BORSA KÂR SATIŞLARININ ETKİSİNDE
Borsada son dönemdeki agresif çıkış hareketi kâr satışlarıyla karşılaştı. Oluşan primin yüksekliğini dikkate aldığımızda gelen satışlar olağan karşılanabilir. İlk destekler 3.800 ve 3.750 seviyelerinde bulunuyor. Bu seviyelerin altında 3.650 ve 3.500 sonraki destek noktaları. İlk dirençler ise 4.000-4.050 bandında bulunuyor. Çıkışın devamı için bu seviyelerin geçilmesi gerekecek. Bu durumda sonraki dirençler 4.150-4.250 seviyelerinde. Endekste son dönemde belirmeye başlayan düşüş formasyonlarından ‘yükselen takoz’ oluşumunun izlenmesinde ayrıca yarar var. Destek noktalarında tepki alım denemeleri görülse de kâr satış süreci bir süre daha etkili olabilir.

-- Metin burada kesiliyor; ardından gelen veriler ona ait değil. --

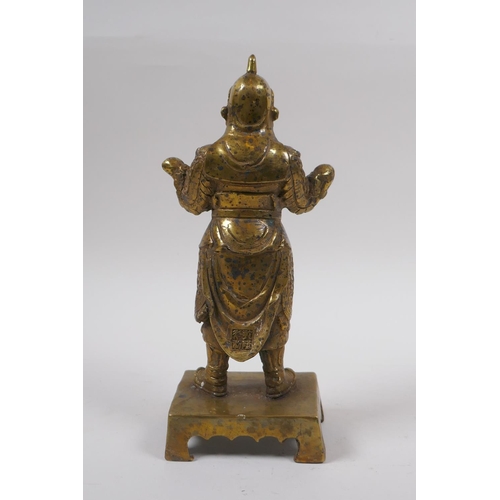 85 - A Sino Tibetan gilt bronze of a contemplative warrior, character marks verso, 22cm high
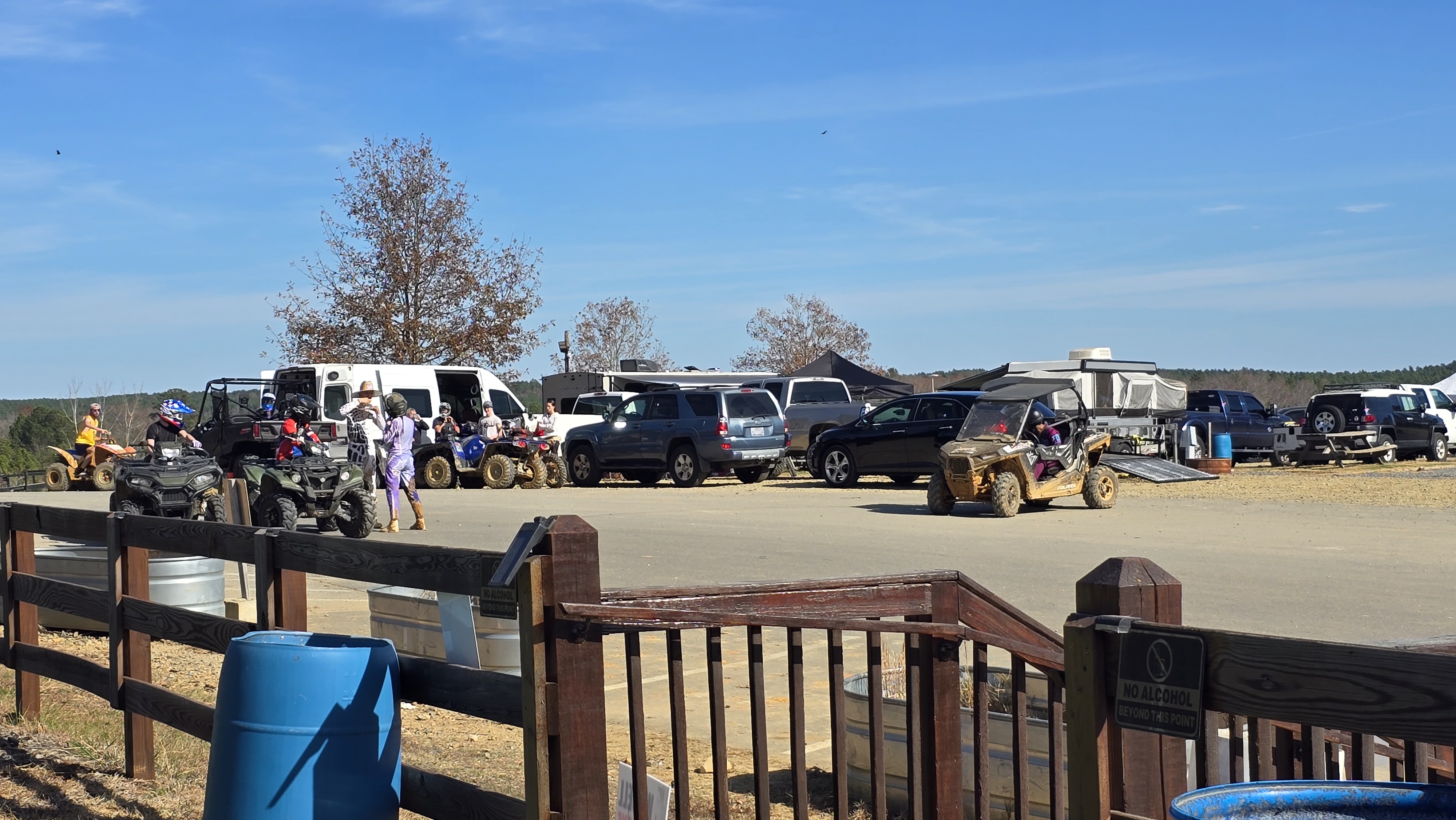 Couple posing with RZR in the forest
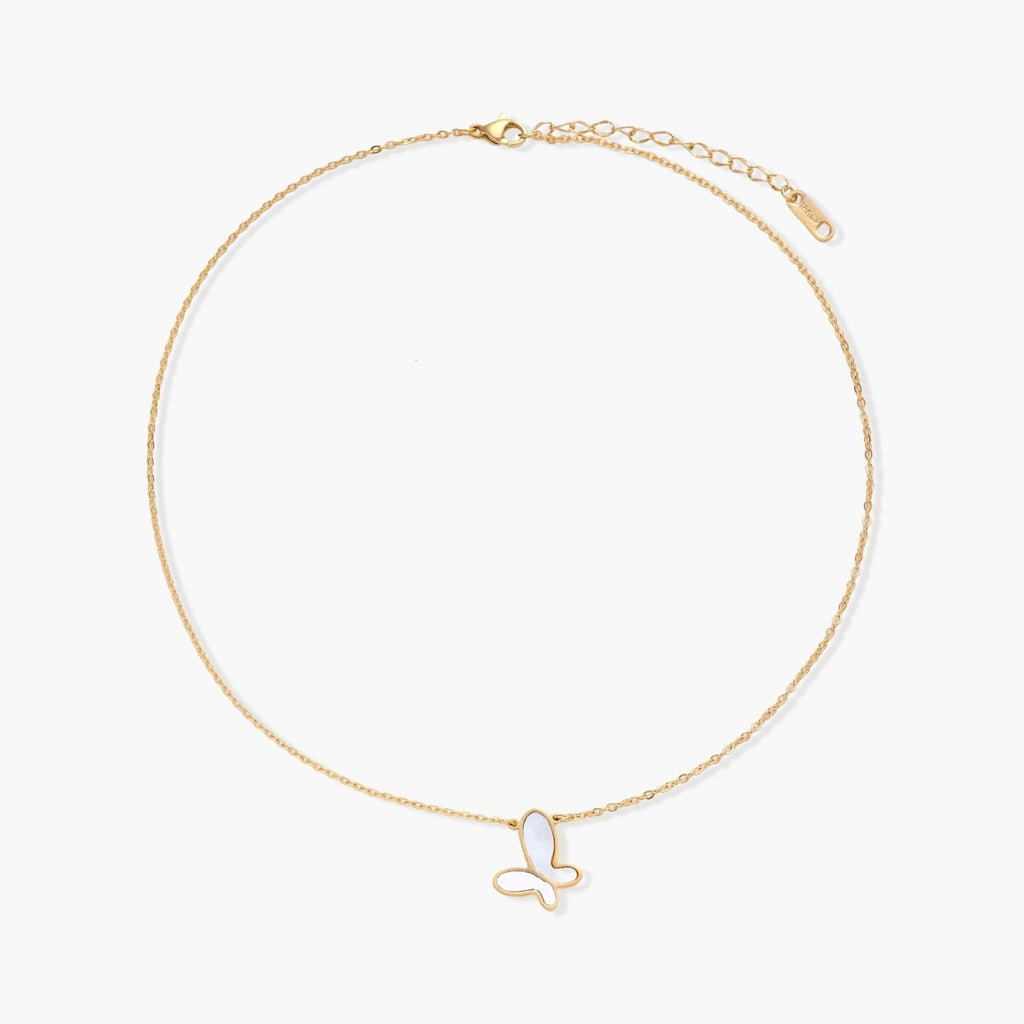 Gold-plated butterfly pendant with iridescent mother of pearl inlay on delicate chain against cream background.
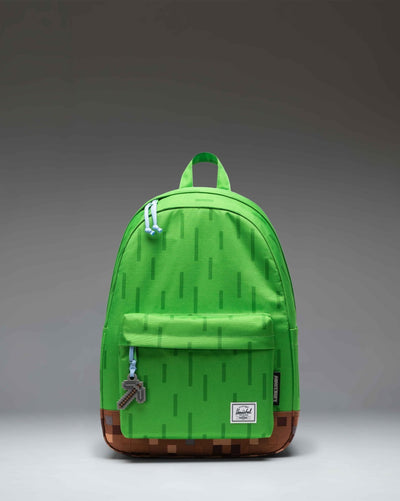 Herschel Supply Co. x Minecraft Classic Backpack in The Overworld colorway, featuring iconic pixelated block prints from the game.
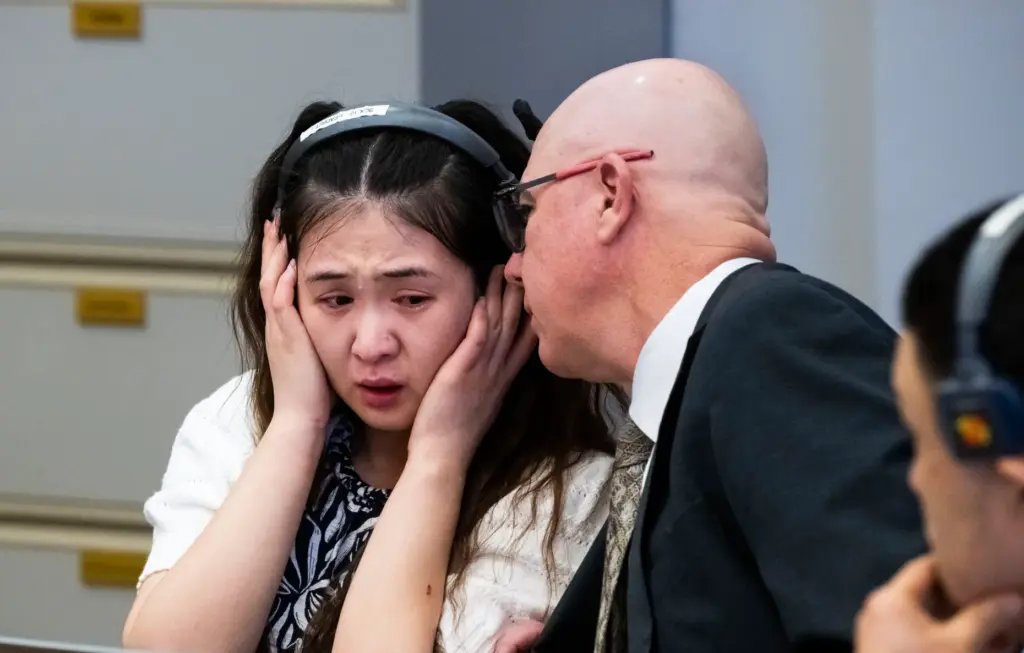 Tingfeng Liu, left, reacts during opening statements in court in...
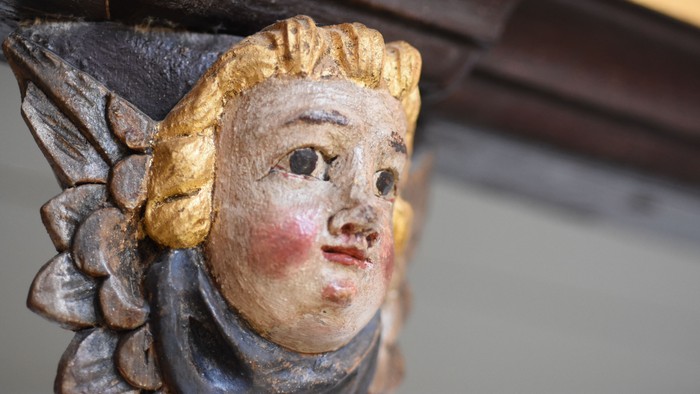 En smuk udskåret figur af en kvinde med gyldne hår og blå øjne.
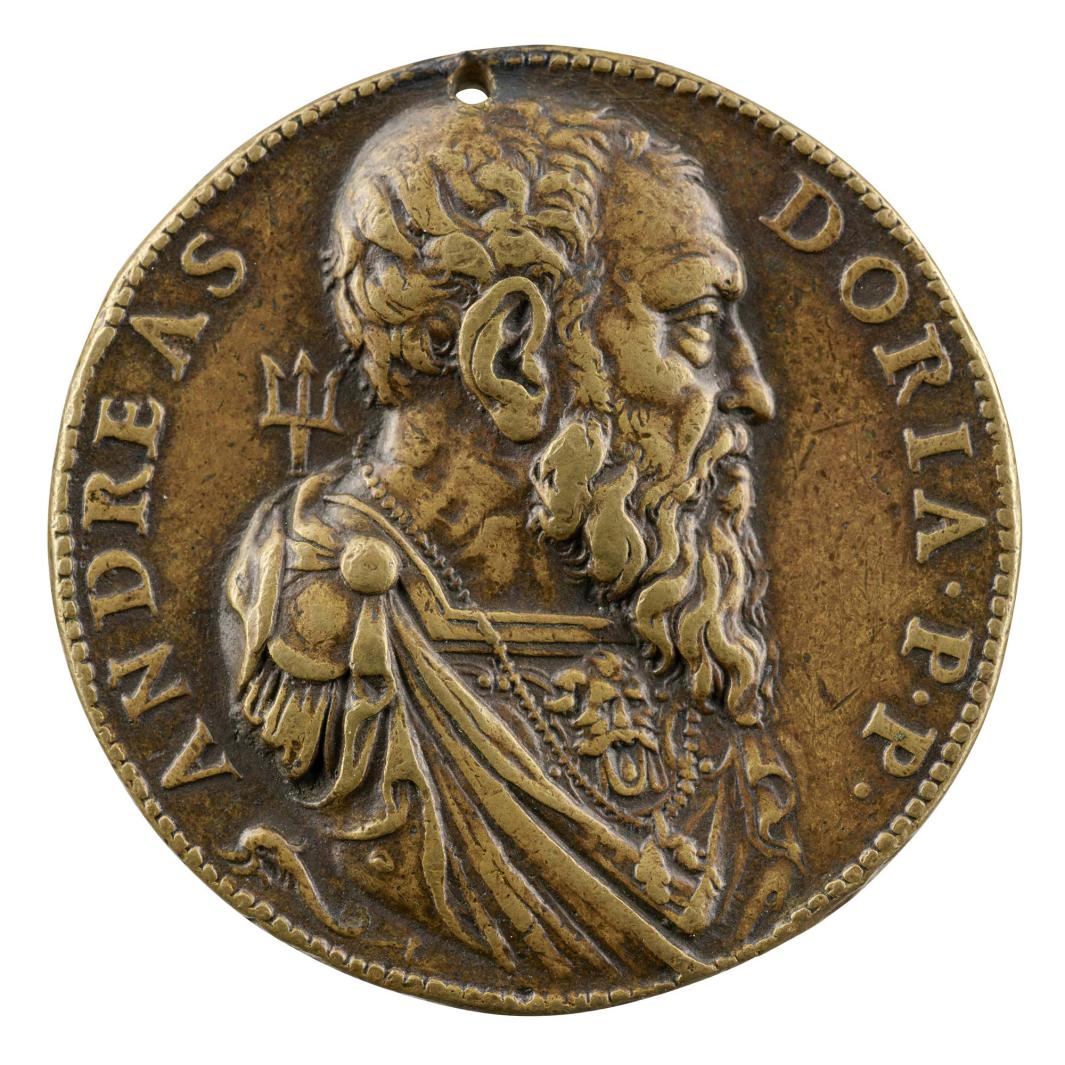 Bronze portrait medal of Andrea Doria wearing armor, with drapery pinned at the shoulders and a long chain, bearded, with a trident behind him, in profile to the right; pearled border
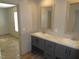 A bright bathroom features a double vanity with marble countertop, wood-look floors and neutral colors at 9115 Nc 157, Rougemont, NC 27572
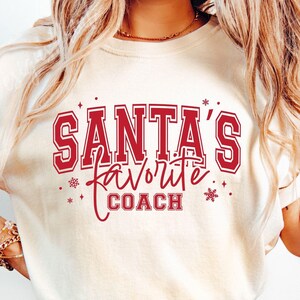 Santa's Favorite Athletic Trainer Funny Christmas Gifts T-Shirt Santa's Favorite Athletic Trainer Funny Christmas Gifts T-Shirt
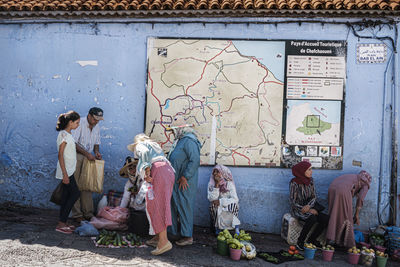 Rear view of people sitting on wall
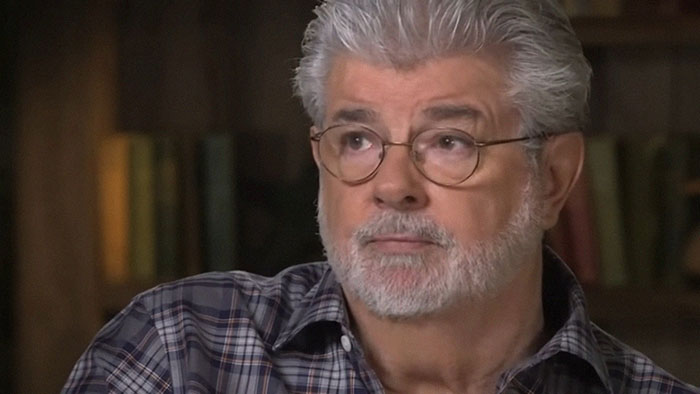 Older man with gray hair and glasses wearing a plaid shirt, reflecting on celebrities famous before their fame struck.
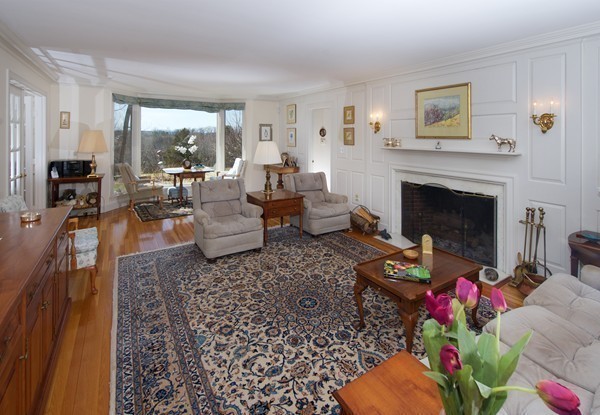 148 Still River Road Harvard, MA 01451 - Photo 8 of 29 a living room with furniture large window and a fireplace
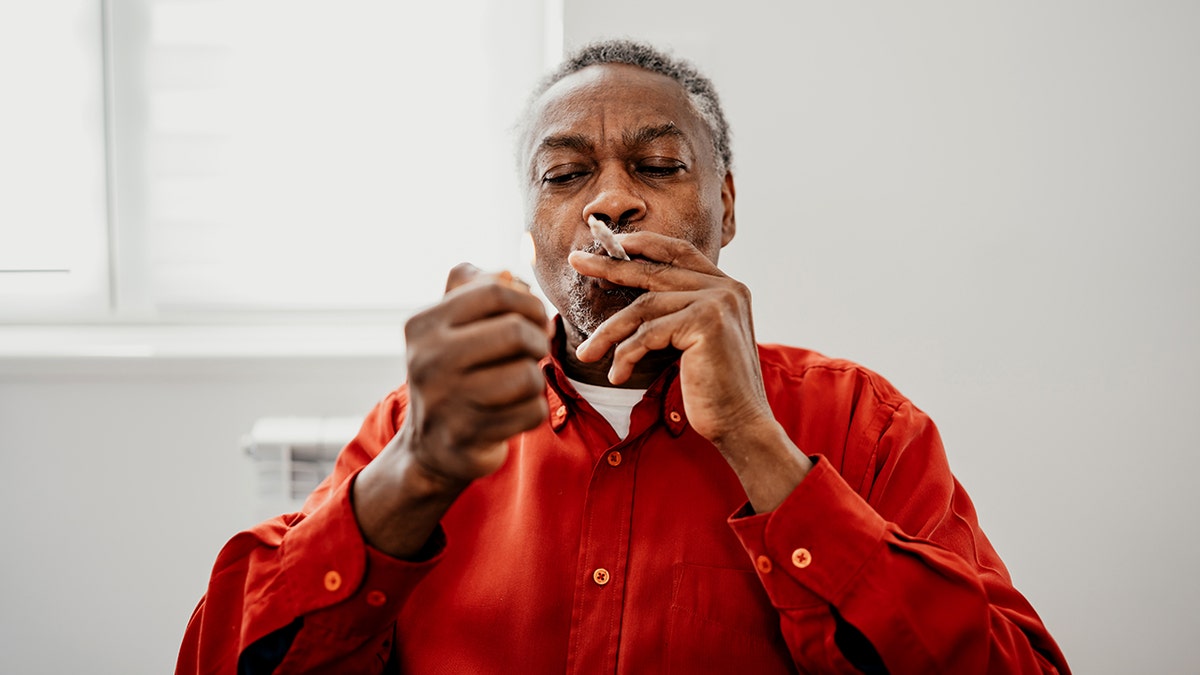 Senior man who has a CBD joint in his mouth and illuminates it.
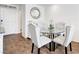 Dining area featuring a glass table, upholstered chairs, and stylish decor at 1125 Meadow Sparrow Pl, Henderson, NV 89011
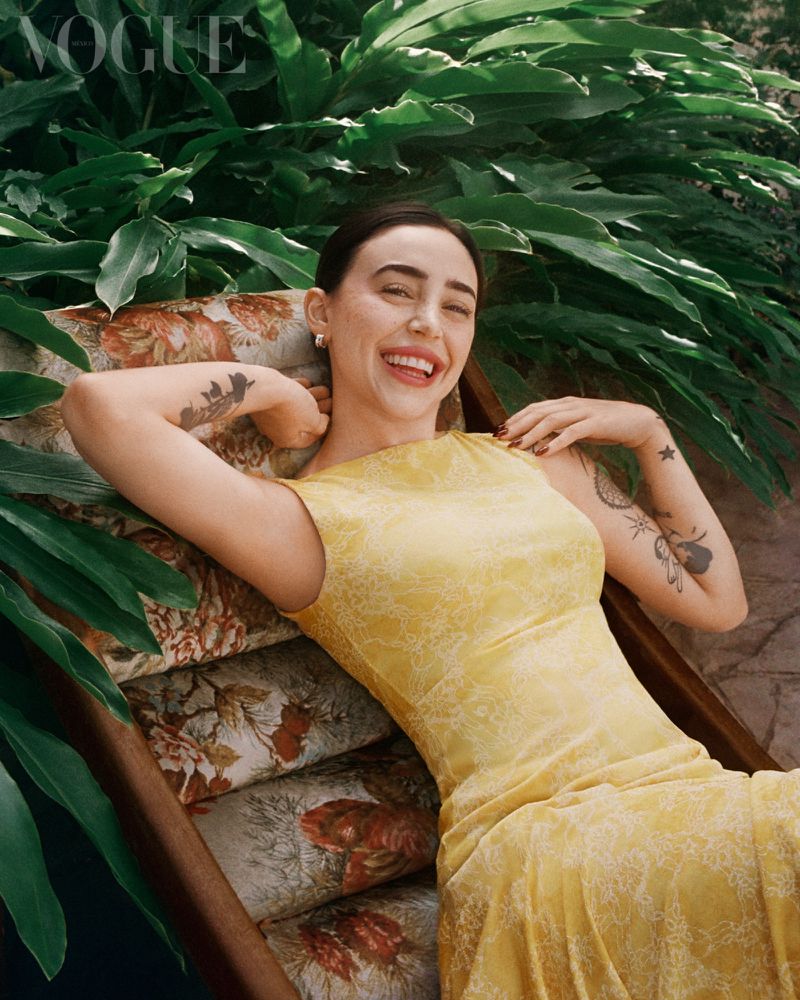 Smiling woman in yellow lace dress lounging on floral couch surrounded by lush green foliage in an outdoor, natural light setting.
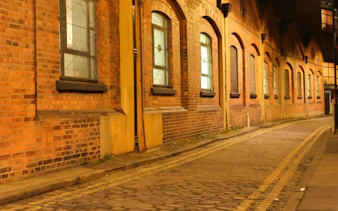 Narrow cobblestone street in London at night, part of Jack the Ripper tour.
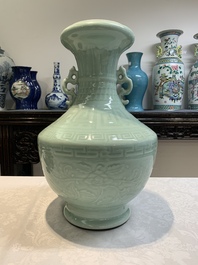 A pair of Chinese celadon-glazed vases with 'anhua' design on wooden stands, Qianlong mark, 19th C.
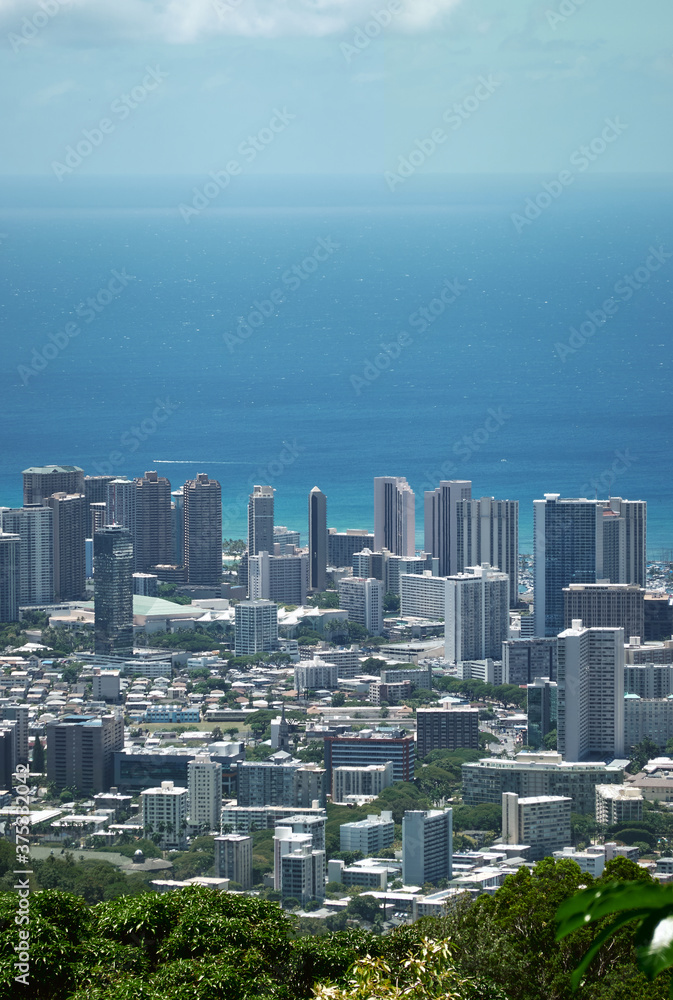 Cityscape of Honolulu city in Hawaii. Hotels and ocean in the morning.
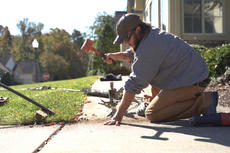 CFI installing poly to level concrete sidewalk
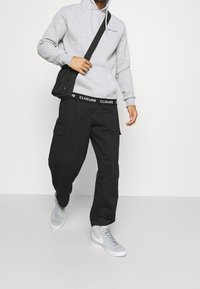 Grijze hoodie, zwarte cargobroek met merklogo op de tailleband en grijze sneakers. Materiaal lijkt een textuur te hebben, casual pasvorm met zijzakken.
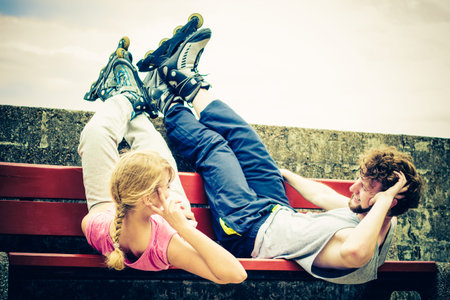 Young people friends in training suit with roller skates. Woman and man relaxing lying on bench...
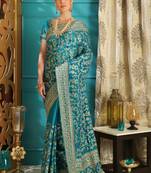 Teal embroidered silk saree with blouse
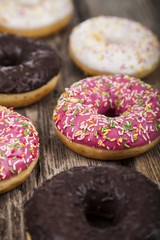 Multicolored donuts  on a wooden background.
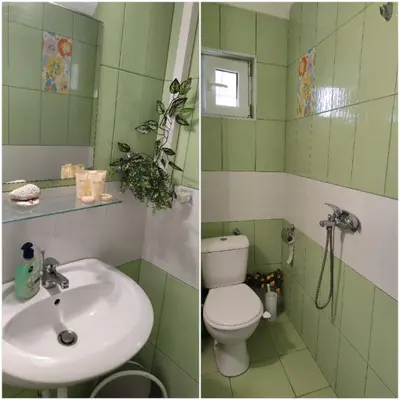 a green bathroom with a toilet and a sink at Studio Juli in Lozenets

EKONOMİDE UYARILAR SÜRÜYOR
Küresel ekonomiye ilişkin uyarılar gelmeye devam ediyor. ABD Hazine Bakanı Janet Yellen, “Bu yılın üçüncü çeyreğinde beklenenden fazla artış gösteren gayrisafi yurtiçi hasıla (GSYH) verisinin ABD ekonomisinin direncini kanıtladığını” ifade etti. ABD ekonomisinin yüksek enflasyon ve önemli küresel ters rüzgarlarla karşı karşıya olduğunu belirten Yellen, Amerikalıların yükselen fiyatların yaşam standartlarına zarar vermesinden endişe duyduğunu, bu nedenle Biden yönetiminin en önemli ekonomik önceliğinin enflasyonu düşürmek olduğunu söyledi.
‘ENFLASYON HIZLA DÜŞMEZ’
ABD Eski Hazine Bakanı Larry Summers ise geçmiş referans alındığında mevcut görünümde ABD’de yüzde 8’lik enflasyonun aşağı çekilmesi ihtimalinin düşük olduğunu ve enflasyonun neredeyse hiçbir zaman hızla geri çekilmediğine dikkat çekti. IMF Başkanı Kristalina Georgieva, merkez bankalarının enflasyonla mücadele kapsamında faizleri ‘nötr seviyeye’ ulaşana kadar artırması gerektiğini belirtirken bu noktaya henüz ulaşılmadığını söyledi. Georgieva küresel çapta merkez bankalarının faiz artırımlarının pozitif etkisinin 2024’te hissedilmeye başlanabileceğini belirtti.
KALICI OLABİLİR Mİ?
Yetkililerin birbiri ardına gelen açıklamalara karşın eleştiriler de var. Geçtiğimiz yıllarda ekonomi yönetimleri ısrarla enflasyonun geçici olduğu dillendirilmişti. Şimdi ise kalıcı olduğu yönünde görüşler geliyor. Gerçi ABD Hazine Bakanı Yellen ‘yanıldık’ demişti. Geçici olarak görülmesi nedeniyle enflasyona karşı önlem alınmakta geç kalındığı ayrıca eleştiri konusu oldu. Şimdi ise enflasyon ile mücadele edilirken ‘kantarın topuzunun kaçırılması’ ve sıkı para politikalarıyla ekonomide resesyon riskinin arttığı gibi haklı görüşler var. Bu açıdan gelen açıklamalara doğruluğu ve zamanla değişebileceği olasılığına karşılık biraz temkinli bakmak yerinde olacak.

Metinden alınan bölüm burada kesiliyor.